Panelist X is an African American male in his early 30’s living in Seattle, Washington. He works part time while attending graduate school and is married with a young child. His hobbies include reading, racquetball, and doing work around the house.
Are you sure about that?
Consider this hypothetical situation: Panelist X has been taking surveys as a member of a general consumer panel for approximately 6 months. During that time, he’s never been flagged for speeding, straight-lining, satisficing, or any other typical negative survey behaviors that a good research company checks for. He passed the IP address validation when he joined the panel, and his mailing address is valid.
So why, on a recent study, does the analyst notice that the response Panelist X keyed into an open-ended text field appears to be absolutely identical to the responses from Panelists A, B, Y, and Z?
Back in the days of in-person interviewing, it was easy to verify with whom you were speaking. Similarly, dialing from a call center with your customer list ensured that you reached the right household. Even with random digit dialing where there is theoretical potential for a respondent to lie about their age, marital status, or household income, there is little incentive for them to do so.
But online research? Just as with online dating, in this era of increased technologic sophistication, it is becoming more and more difficult to verify that people are who they say they are.
What does a fraudulent panelist look like?
Today’s fraudulent respondents have an arsenal of skills at their disposal.
- They can easily obtain mailing address directories that allow them to misrepresent themselves as a real person living at a real address.
- Many options are available to obtain free email addresses that require no identity validation.
- IP addresses can be falsified to avoid traps that look for duplication.
- Sophisticated programs called robots or “bots” can be built that run through surveys automatically and punch responses, without a human being hitting a single key.
In the example scenario of Panelist X, one person using a list of valid name and address combinations and 5 different email addresses to sign up for the panel multiple times, and “takes” the survey multiple times (using a ‘bot’) from different email addresses.
Because the program doesn’t straight-line or speed through the survey, the results don’t immediately jump out as unusual. The problem is identified when the analyst notices an odd combination of words repeated in an open-ended data field across multiple records while working with the data to deliver the findings. The analyst and the panel manager at the research company do some further digging into the panel records for the 5 “respondents” with suspicious data.

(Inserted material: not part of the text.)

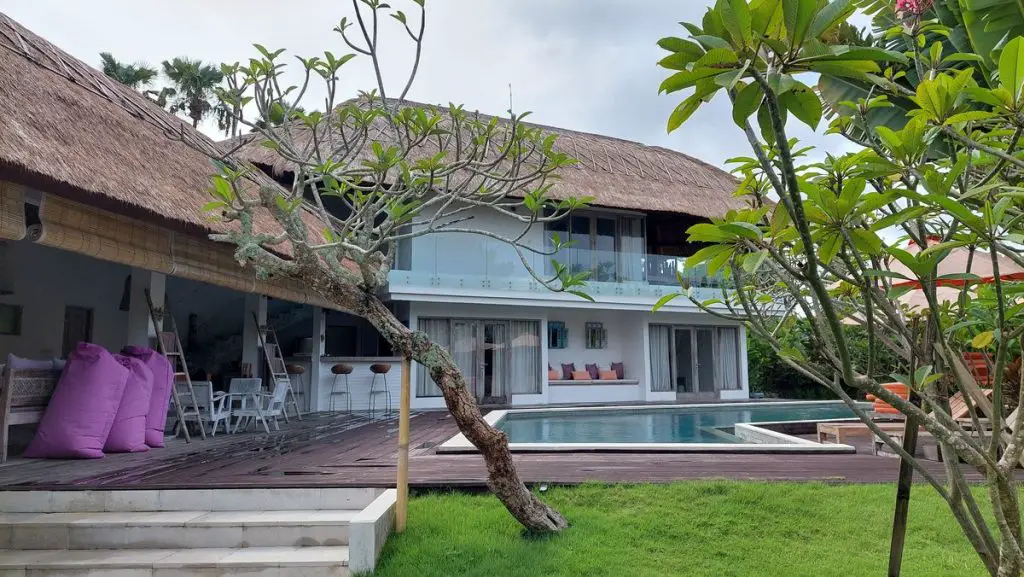 Bali Family Accommodation: Villa or Hotel?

Initially, it would all appear to be a strange coincidence, as all 5 records come from different geographies, different IP addresses, and different demographic subgroups. A quick check online verifies that people with those names do live at the addresses listed in the original panel records. Then the panel manager notices that all 5 have Hotmail email addresses configured in a very similar way, and that all 5 joined the panel within a few minutes of each other.
Further digging into their panelist data reveals more peculiarities, as the 32-year-old male graduate student provides his name as Lisa, and the 25-year-old unemployed, single mother reports a household income of $750,000 per year. Taken on their own, any of these factors could be unusual, but legitimate. Viewed together, the conclusion is clear—a single individual is responsible for all 5 survey responses.
What’s the motive?
Seems like a lot of effort, doesn’t it? Signing up for a panel multiple times, setting up multiple email accounts, building programs to navigate through surveys. Obviously the intent is to qualify for multiple incentives, which are frequently paid through online claim codes or other online rewards rather than mailing an actual check to a physical address.

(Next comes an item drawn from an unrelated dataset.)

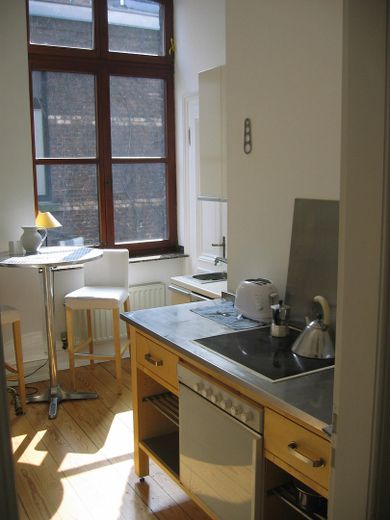 Exklusives Altbau-Luxus-Apartment mit Dachterrasse im Belgischen Viertel – Bild 4 Küche mit Eßplatz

But, you say, surely someone couldn’t make enough money on these incentives, which tend to have fairly small monetary values, to justify all this engineering? Imagine that Panelist X actually has 20 to 30 “panelist records” in the panel, and that only 5 were found because those were the only ones selected for this particular survey.

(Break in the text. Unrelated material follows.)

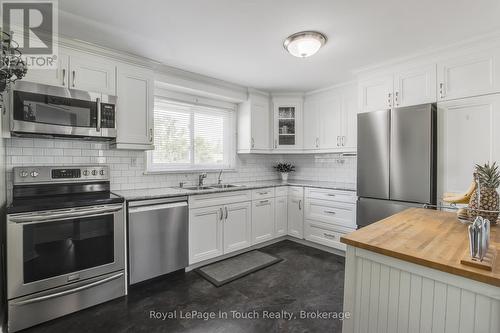New Kitchen - 4 - 233 Innisfil Street, Barrie (Allandale Centre), ON - Indoor Photo Showing Kitchen With Upgraded Kitchen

Additionally, Panelist X has 20 to 30 “panelist records” in 50 other online research panels. Now it begins to make more sense.
How do you protect your custom online panel research?
You make key decisions about your business based on the recommendations provided to you by your research suppliers. How can you be sure those suppliers are being diligent about ensuring the quality of the data that drive those recommendations?
- Check to make sure research suppliers are proactively updating security. What’s the latest security protocol they’ve implemented?
- Ask about traditional security protocols. Do they still use techniques such as IP address validation, trap questions, mailing address verification, straight-lining checks, and survey timing?
- Request multiple check points throughout the research project. Conducting check points using several techniques during recruitment of the panel, during project fieldwork, and during analysis of the final data, can prevent fraudulent panelists from making it through the research process
Today it’s no longer possible to rely on IP address check and captchas to identify fraudulent panelists—rigorous security protocols involving new and innovative techniques implemented across the research process are vital for quality research to be produced.